• _Exercise_
Copy nothing but the text: repeat each entry exactly and drop the images.

--- Records supplied ---

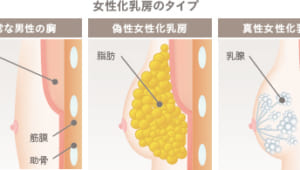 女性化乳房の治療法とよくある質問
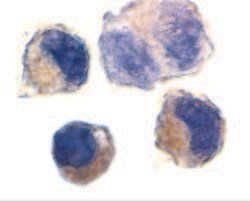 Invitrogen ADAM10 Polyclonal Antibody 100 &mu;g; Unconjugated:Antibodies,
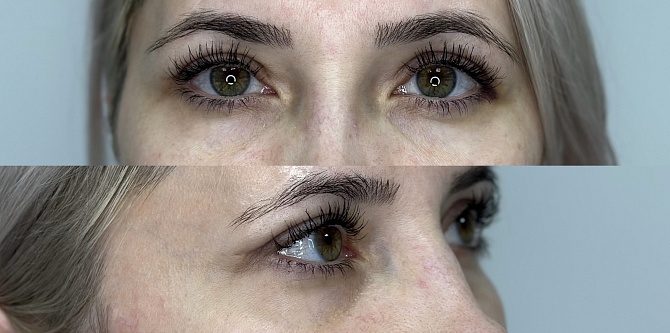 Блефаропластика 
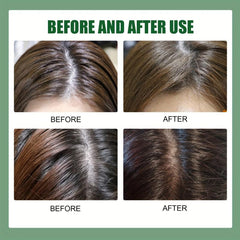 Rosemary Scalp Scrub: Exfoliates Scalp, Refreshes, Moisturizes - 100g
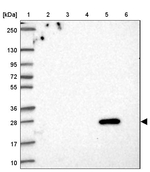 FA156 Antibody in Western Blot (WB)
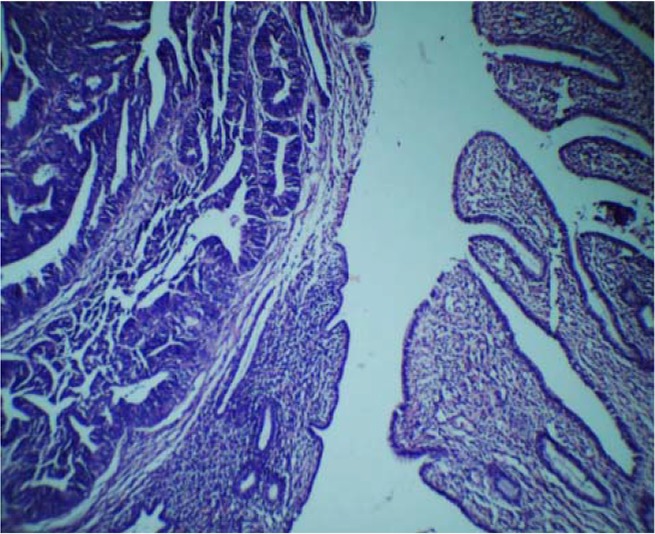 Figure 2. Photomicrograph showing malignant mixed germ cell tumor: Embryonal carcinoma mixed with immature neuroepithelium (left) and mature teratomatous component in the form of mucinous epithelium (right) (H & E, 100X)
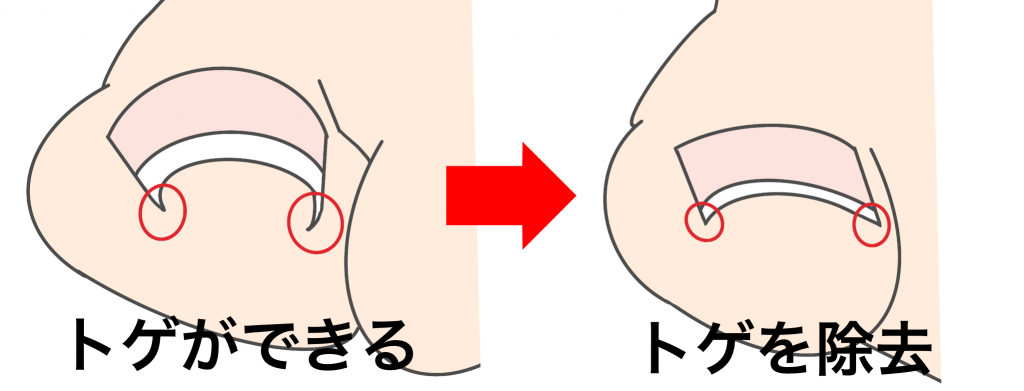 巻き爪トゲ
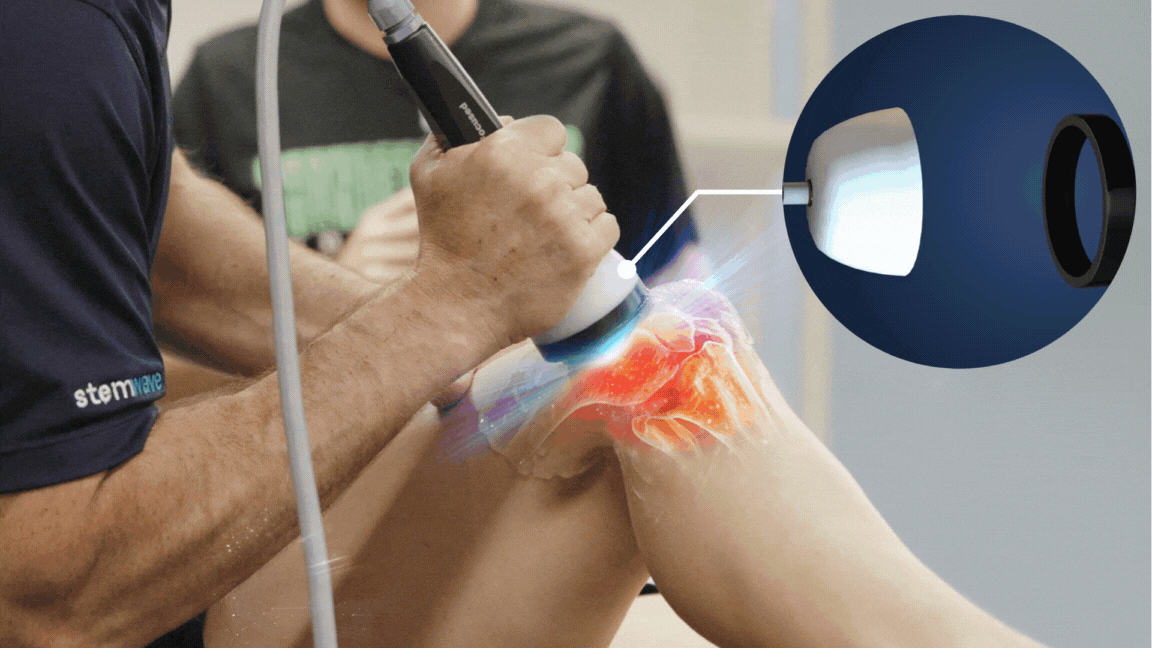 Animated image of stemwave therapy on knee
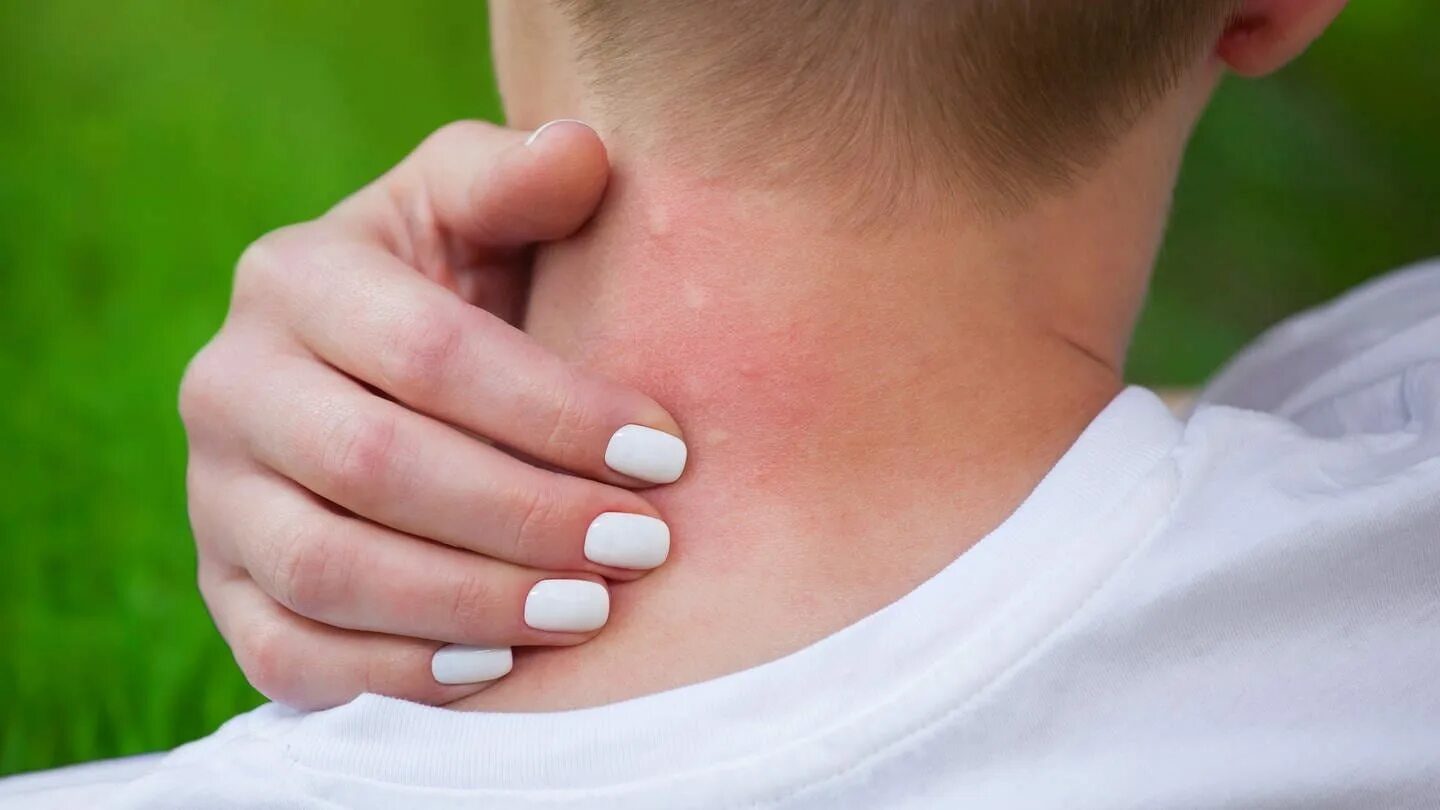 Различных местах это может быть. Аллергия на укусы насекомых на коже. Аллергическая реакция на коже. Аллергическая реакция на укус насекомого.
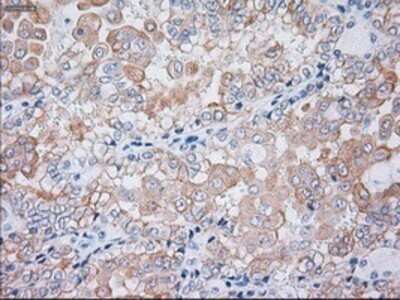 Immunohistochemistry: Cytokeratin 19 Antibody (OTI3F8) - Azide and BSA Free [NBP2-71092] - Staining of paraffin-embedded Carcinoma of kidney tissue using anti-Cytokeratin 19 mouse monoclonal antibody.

---

• _Exercise result_
 女性化乳房の治療法とよくある質問
 Invitrogen ADAM10 Polyclonal Antibody 100 &mu;g; Unconjugated:Antibodies,
 Блефаропластика 
 Rosemary Scalp Scrub: Exfoliates Scalp, Refreshes, Moisturizes - 100g
 FA156 Antibody in Western Blot (WB)
 Figure 2. Photomicrograph showing malignant mixed germ cell tumor: Embryonal carcinoma mixed with immature neuroepithelium (left) and mature teratomatous component in the form of mucinous epithelium (right) (H & E, 100X)
 巻き爪トゲ
 Animated image of stemwave therapy on knee
 Различных местах это может быть. Аллергия на укусы насекомых на коже. Аллергическая реакция на коже. Аллергическая реакция на укус насекомого.
 Immunohistochemistry: Cytokeratin 19 Antibody (OTI3F8) - Azide and BSA Free [NBP2-71092] - Staining of paraffin-embedded Carcinoma of kidney tissue using anti-Cytokeratin 19 mouse monoclonal antibody.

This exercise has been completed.